Uninitialized memory reads in ff_h264_decode_nal

[Andrew Schultz]

ff_h264_decode_nal makes decisions based on uninitialized memory

How to reproduce:

% valgrind avidemux3_qt4 h264_decode_nal.flv

I can only reproduce this with avidemux, but (from code inspection) avidemux is behaving well and this is an ffmpeg bug.

loading ​http://rheneas.eng.buffalo.edu/~andrew/fatkid.flv in avidemux under valgrind, valgrind reports two uninitialized memory reads.

I see ff_h264_decode_nal (in h264.c) get called three times. The second time with length=4. Nonetheless, with HAVE_FAST_64BIT, it will try to read 8 bytes (UMR 1) via the macro AV_RN64A. Furthermore, the FIND_FIRST_ZERO macro happily walks off the end of src (UMR 2) because all of the bytes are non-zero. It's like it's not even trying to stay in the bounds of the array.

In the end, the effects of this are minimal since the whole point of the loop was to set length, and once it steps past the end, length won't be altered. However, in other situations this could cause a segfault for reading memory it was not allowed to read.

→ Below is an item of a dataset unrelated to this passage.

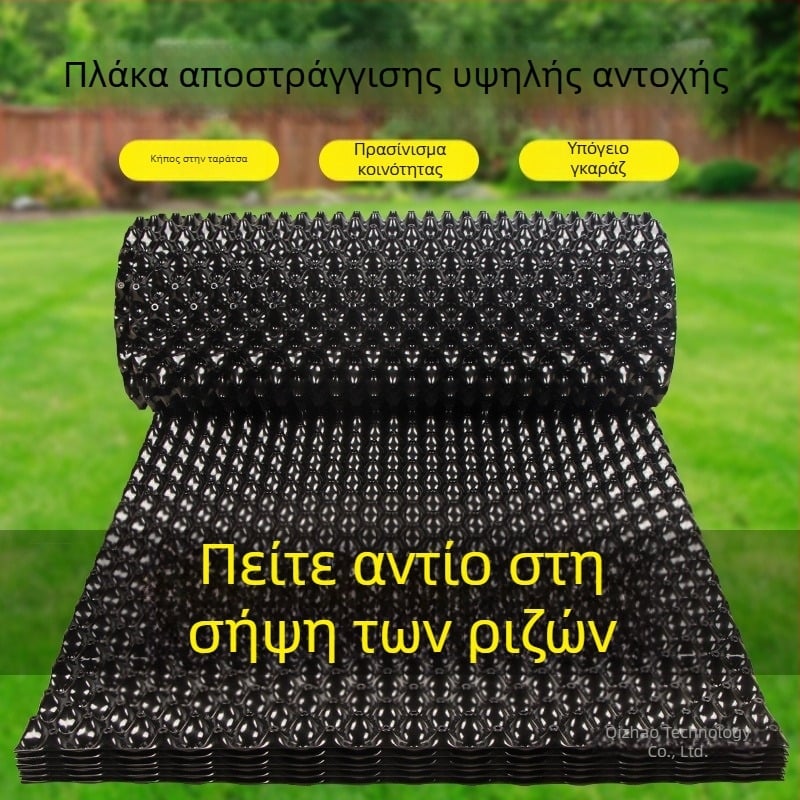 Δίσκος αποστράγγισης για οροφικούς κήπους με καλλιέργεια λαχανικών, δίσκος αποθήκευσης νερού και φιλτράρισμα για πρασίνισμα οροφής, διπλής όψης φράγμα ριζών, έλεγχος ριζών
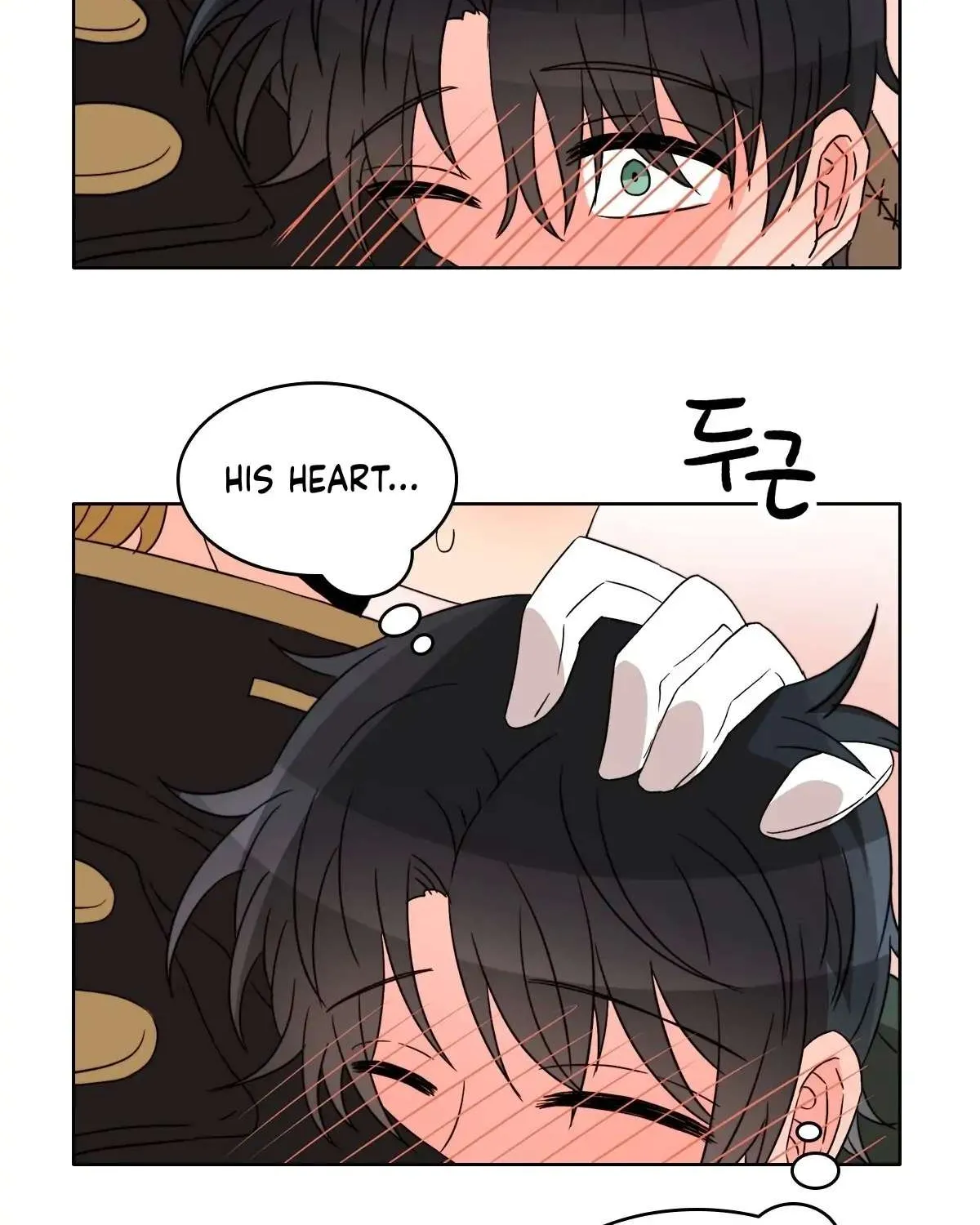 Honey? Beast! Chapter 21 page 5 - MangaKakalot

The 4 bytes that ff_h264_decode_nal is supposed to look at are initialized and (following the buffer up the call stack to ff_h264_decode_extradata), the larger buffer of extradata is also all initialized.

[Carl Eugen Hoyos]

Please test with ffmpeg (the application), and in any case, please add valgrind output.

[reimar]

All input to FFmpeg is required to be padded with FF_INPUT_BUFFER_PADDING_SIZE zeros.
According to your description this is not the case, which makes this a bug in avidemux.